### [Action item]
Please reproduce the entries below exactly from the line holding "an assortment of" through the last line, both included, and omit any pictures.

### [Supplied records]

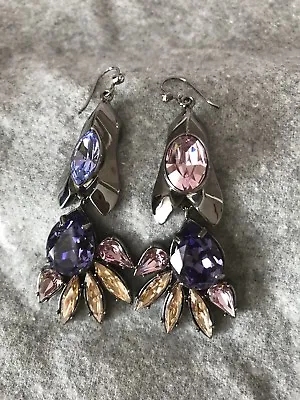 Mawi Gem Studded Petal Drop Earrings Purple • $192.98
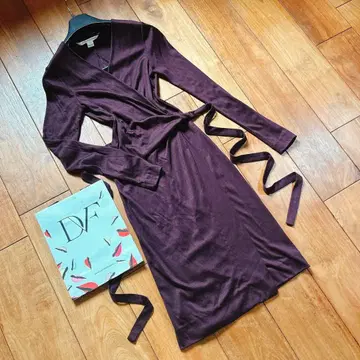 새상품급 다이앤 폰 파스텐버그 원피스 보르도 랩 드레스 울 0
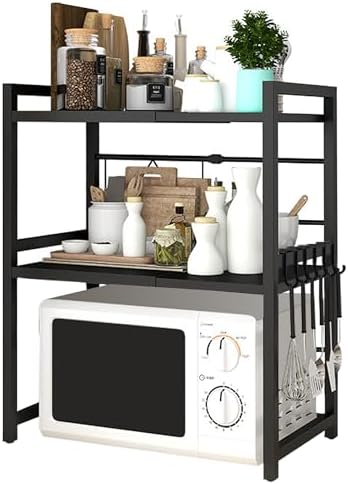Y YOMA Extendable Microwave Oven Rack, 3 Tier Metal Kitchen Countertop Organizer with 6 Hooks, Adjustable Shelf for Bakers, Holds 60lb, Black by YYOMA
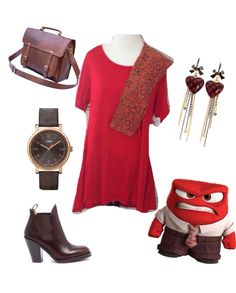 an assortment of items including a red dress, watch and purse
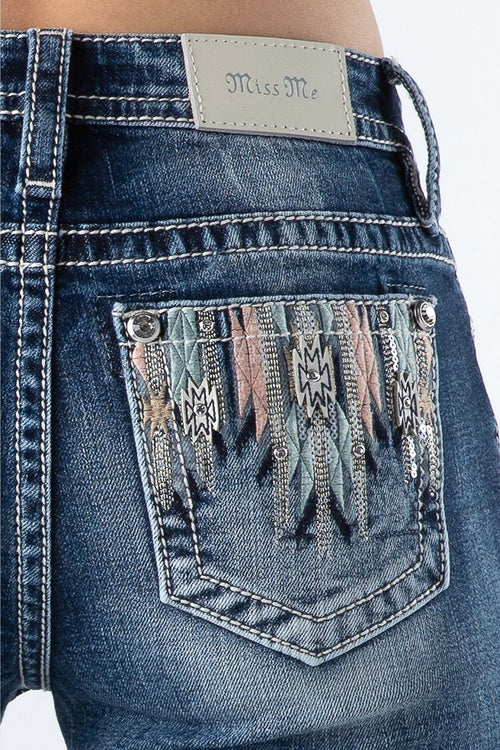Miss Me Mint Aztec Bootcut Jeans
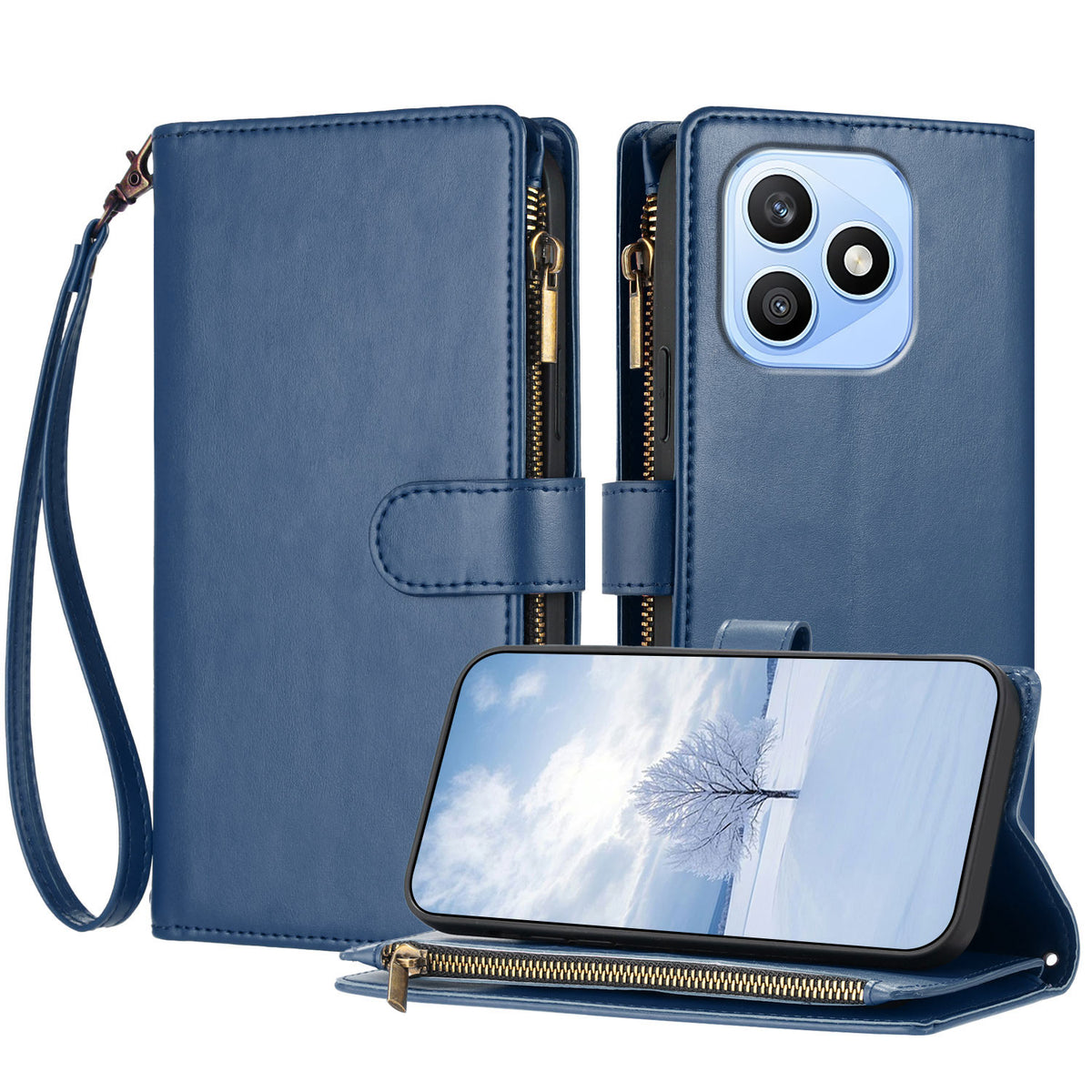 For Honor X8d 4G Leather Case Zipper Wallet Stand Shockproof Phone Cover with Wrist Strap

### [Answer to this exercise]
 an assortment of items including a red dress, watch and purse
Miss Me Mint Aztec Bootcut Jeans
 For Honor X8d 4G Leather Case Zipper Wallet Stand Shockproof Phone Cover with Wrist Strap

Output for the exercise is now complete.